++++ Records for the task
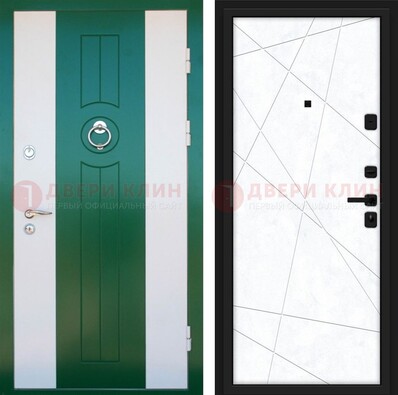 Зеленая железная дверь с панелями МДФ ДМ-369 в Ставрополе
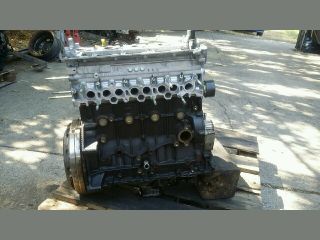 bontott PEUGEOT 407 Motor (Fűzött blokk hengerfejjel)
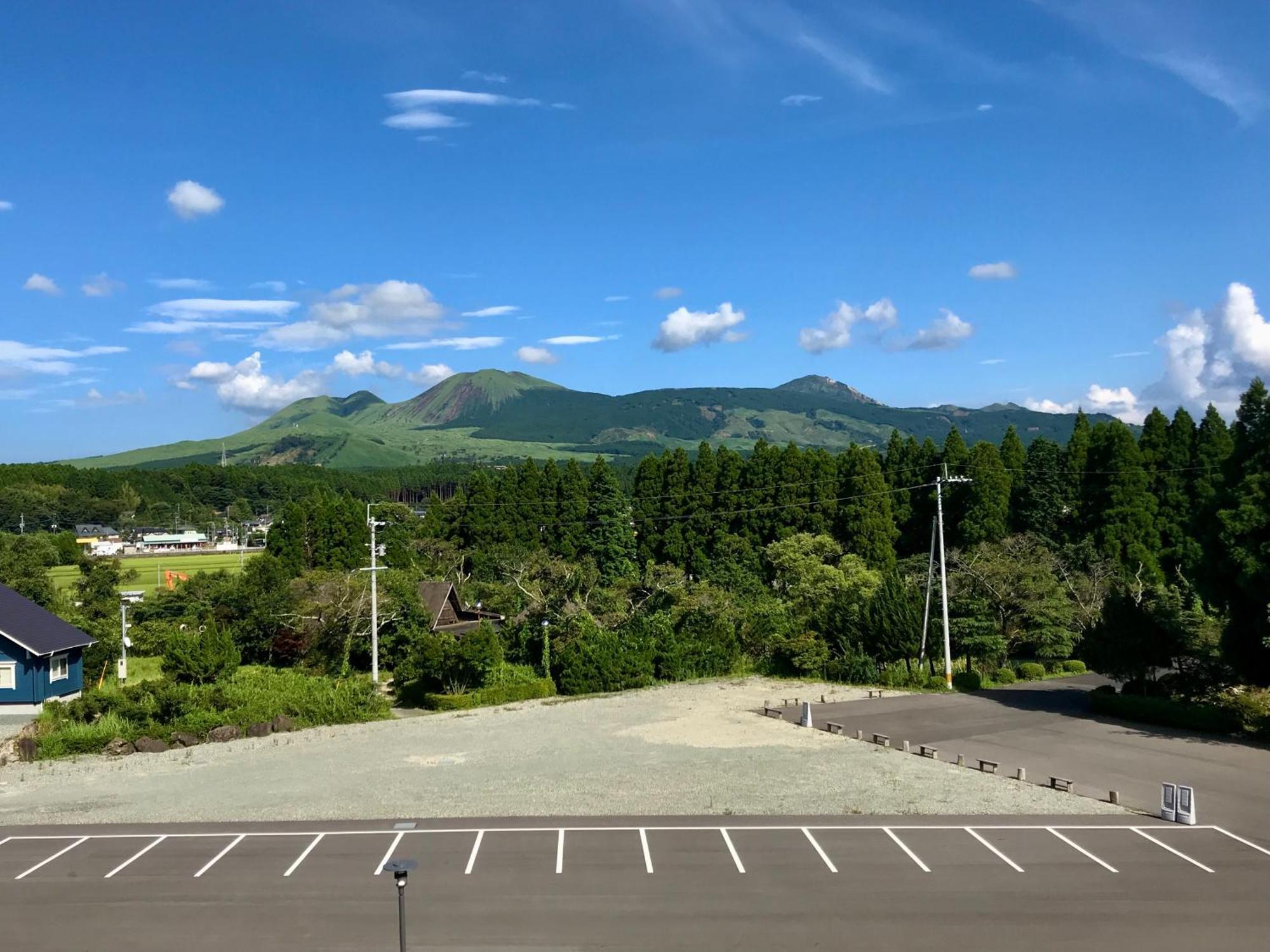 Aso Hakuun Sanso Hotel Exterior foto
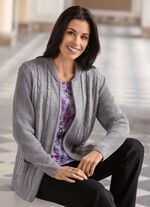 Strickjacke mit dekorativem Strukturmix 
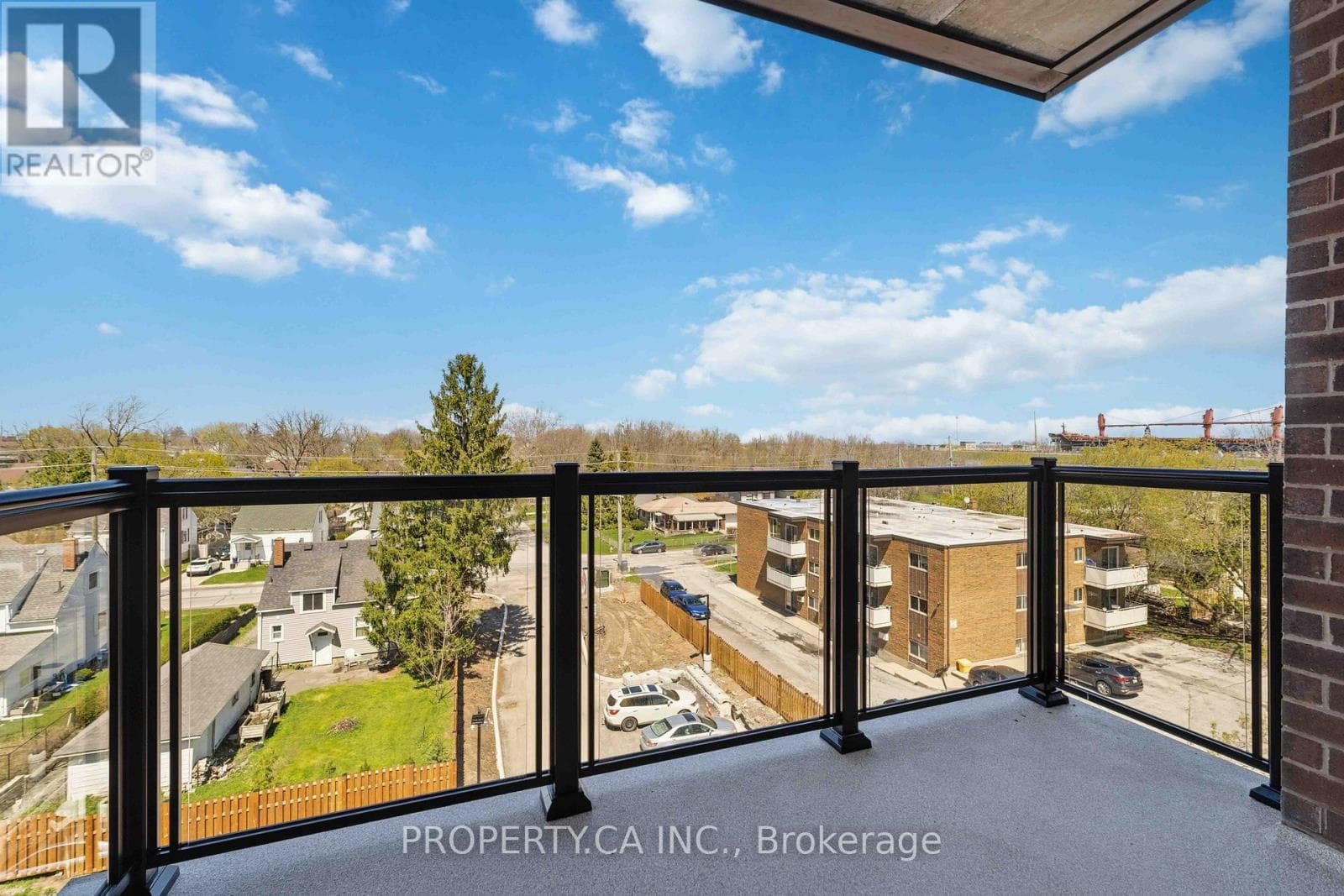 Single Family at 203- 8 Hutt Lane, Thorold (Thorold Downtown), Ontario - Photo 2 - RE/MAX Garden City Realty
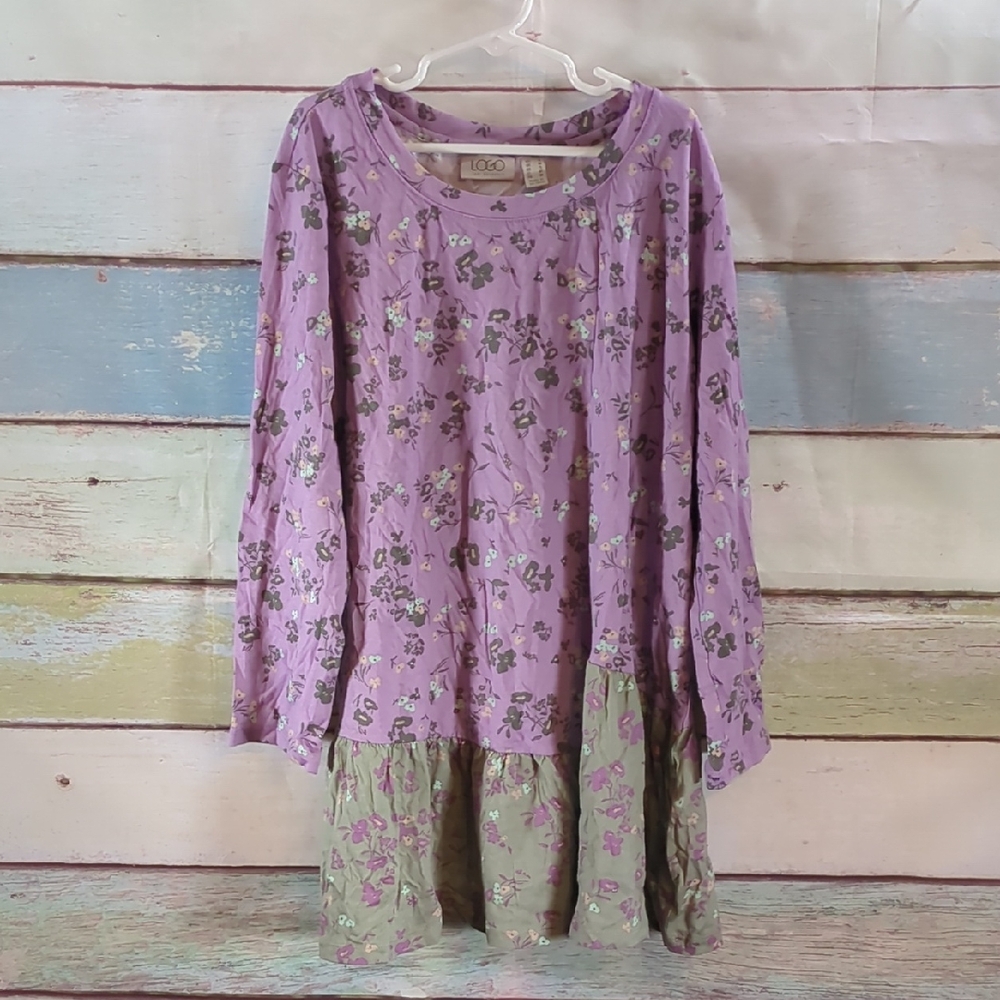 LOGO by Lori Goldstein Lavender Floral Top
++++++++
* [Work instructions]: The answer should consist only of the lines from the line with "Aso Hakuun Sanso Hotel Exterior foto" through the last line of the data, repeated exactly; pictures stay out.

* [Result of the task]:
 Aso Hakuun Sanso Hotel Exterior foto
 Strickjacke mit dekorativem Strukturmix 
 Single Family at 203- 8 Hutt Lane, Thorold (Thorold Downtown), Ontario - Photo 2 - RE/MAX Garden City Realty
 LOGO by Lori Goldstein Lavender Floral Top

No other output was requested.